(WHAT NEEDS TO BE DONE) Look for the line with "A solitary astronaut" in the data below, then reproduce word for word that line and every line after it. Leave out all pictures and add nothing.

(LISTED RECORDS)
=== Section Start ===

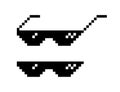 Set of pixel glasses in art style 8-bit. Thug life. Internet meme. Vector stock illustration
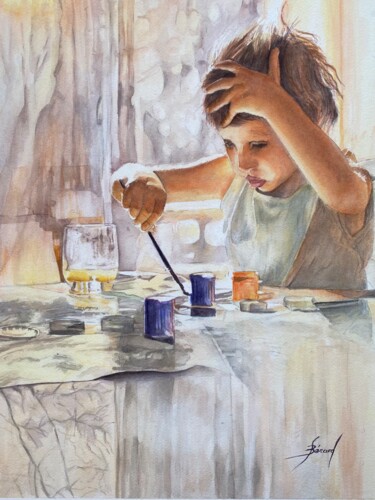 Painting titled "Graine d’artiste" by Joël Bérard, Original Artwork, Watercolor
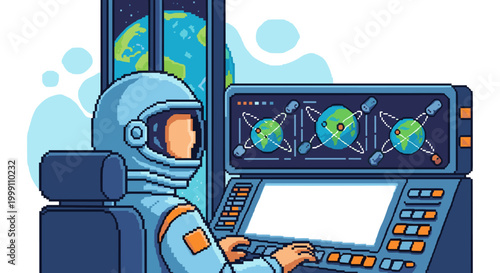 A solitary astronaut operates a high-tech terminal displaying orbital tracking data with a view of Earth through a window in a pixelated design.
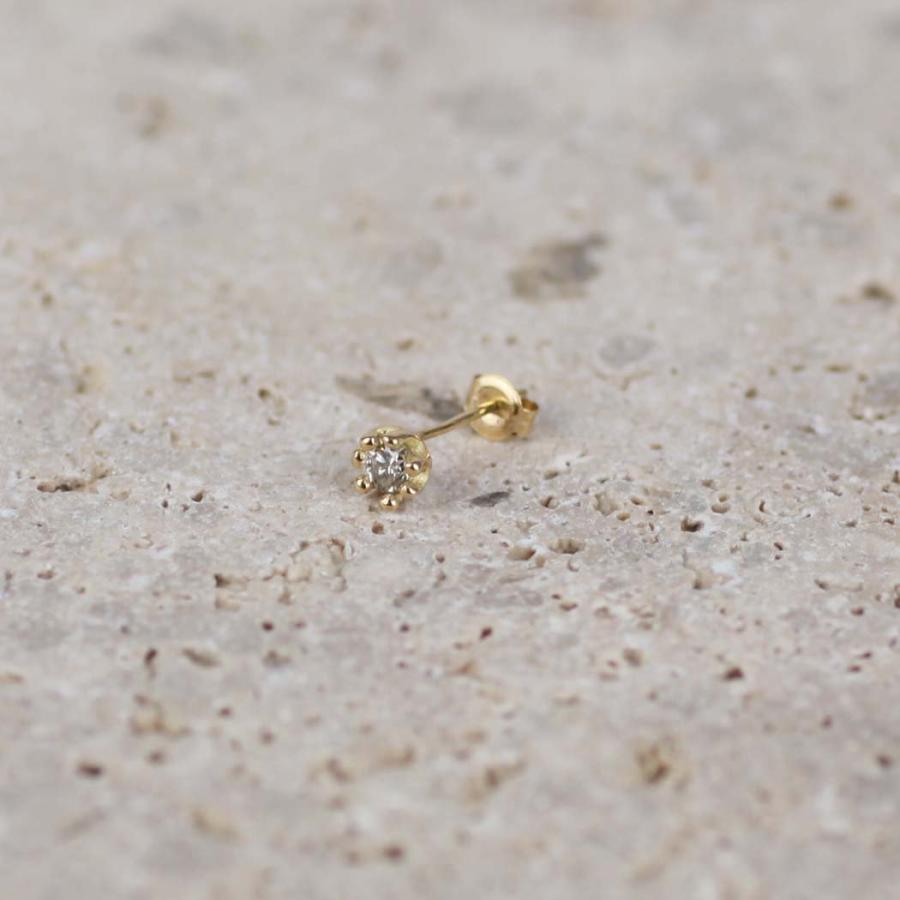 hirondelle et pepin（イロンデールエペパン）/ k18 hp-22fw-668 レ・リッド・ダン・ロー ブラウンダイヤ ピアス (片耳タイプ) | hirondelle | 04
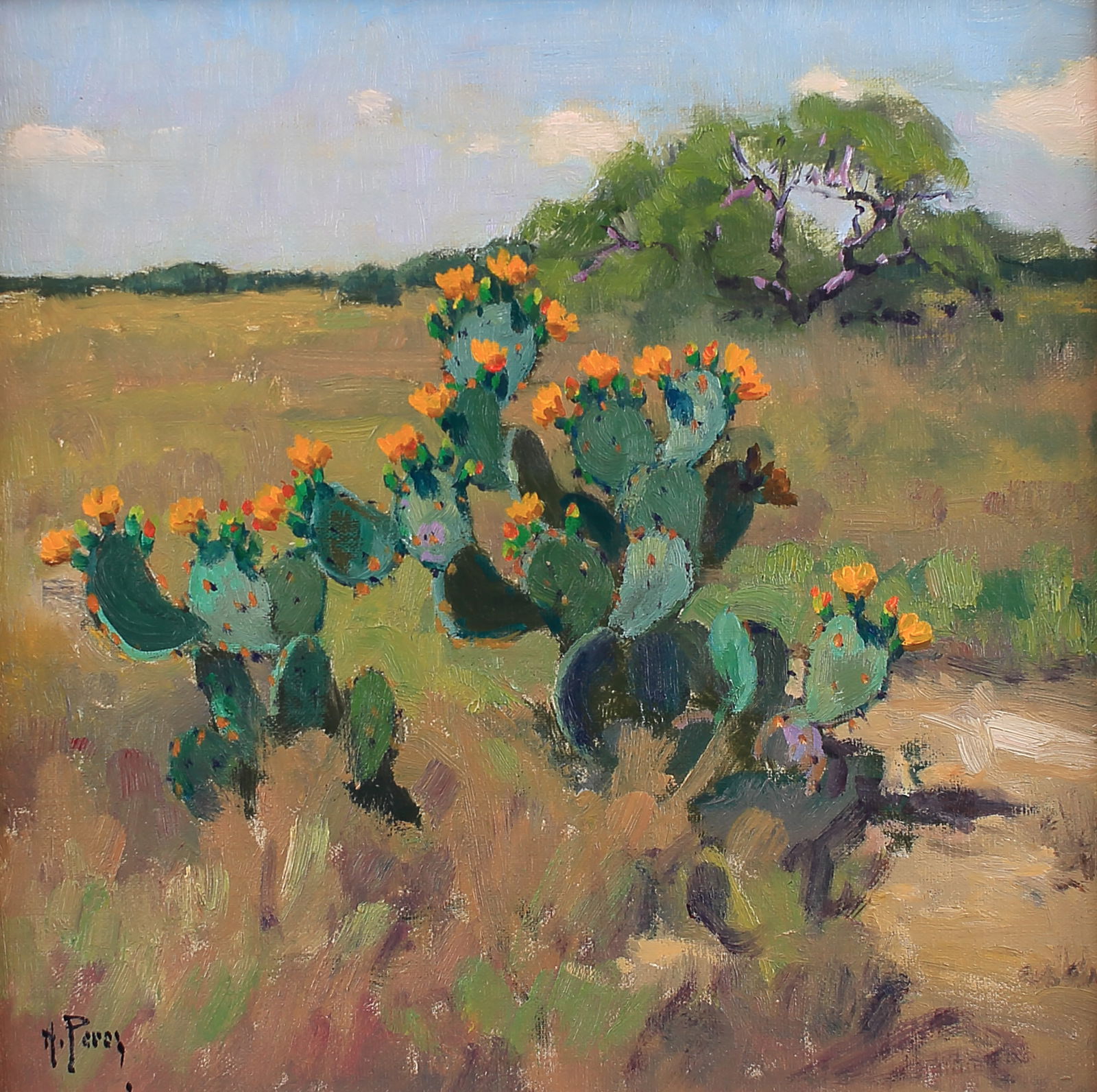 Noe Perez (Am. b. 1958), Study for “Texas Blooms” © 2023, oil on canvas board (1 of 1)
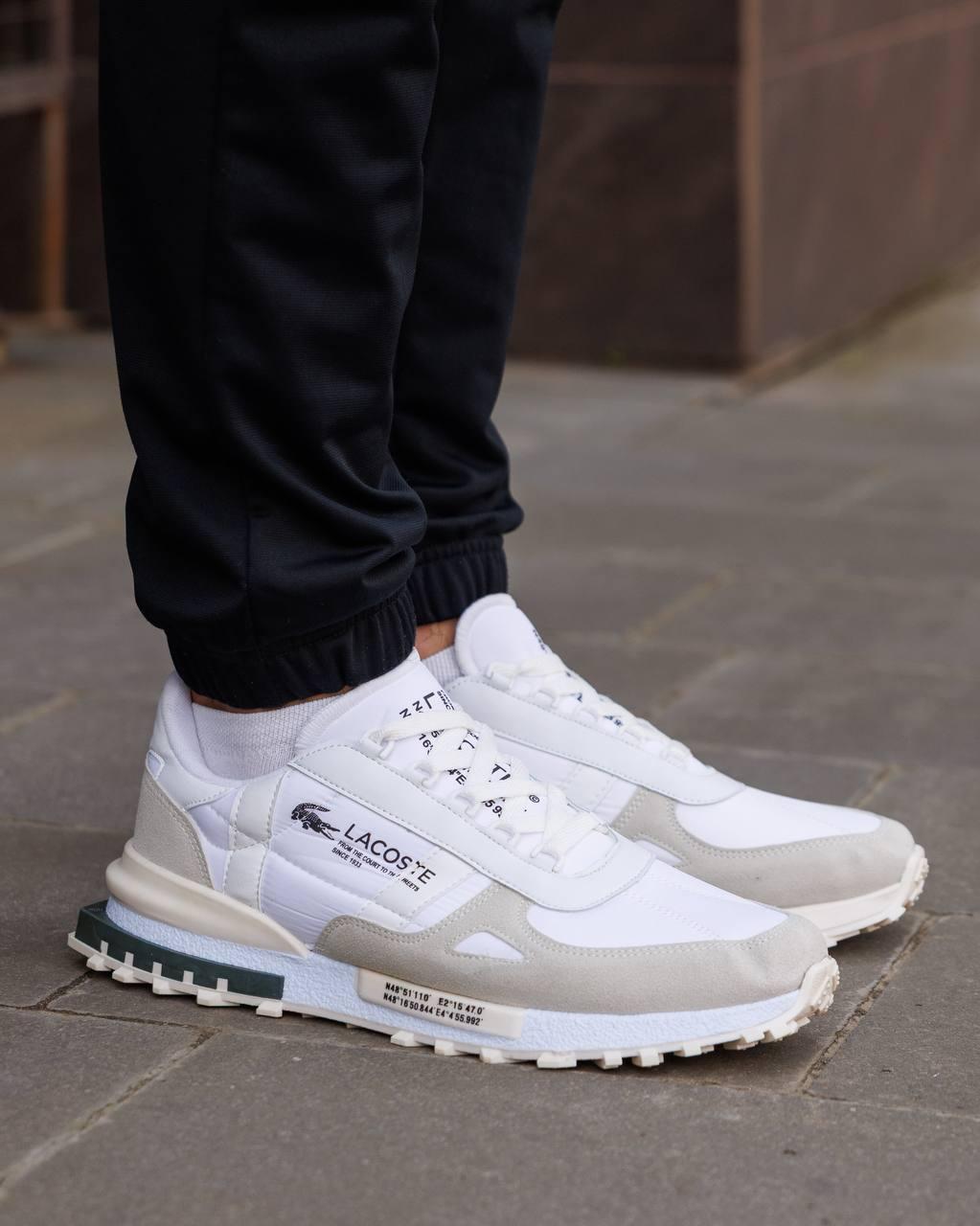 Чоловічі кросівки Lacoste Elite Active White Beige Black ND Білі Взуття кеди Лакоста текстиль сітка шкіра демісезон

=== Section End ===

(WRITTEN SOLUTION)
 A solitary astronaut operates a high-tech terminal displaying orbital tracking data with a view of Earth through a window in a pixelated design.
 hirondelle et pepin（イロンデールエペパン）/ k18 hp-22fw-668 レ・リッド・ダン・ロー ブラウンダイヤ ピアス (片耳タイプ) | hirondelle | 04
 Noe Perez (Am. b. 1958), Study for “Texas Blooms” © 2023, oil on canvas board (1 of 1)
 Чоловічі кросівки Lacoste Elite Active White Beige Black ND Білі Взуття кеди Лакоста текстиль сітка шкіра демісезон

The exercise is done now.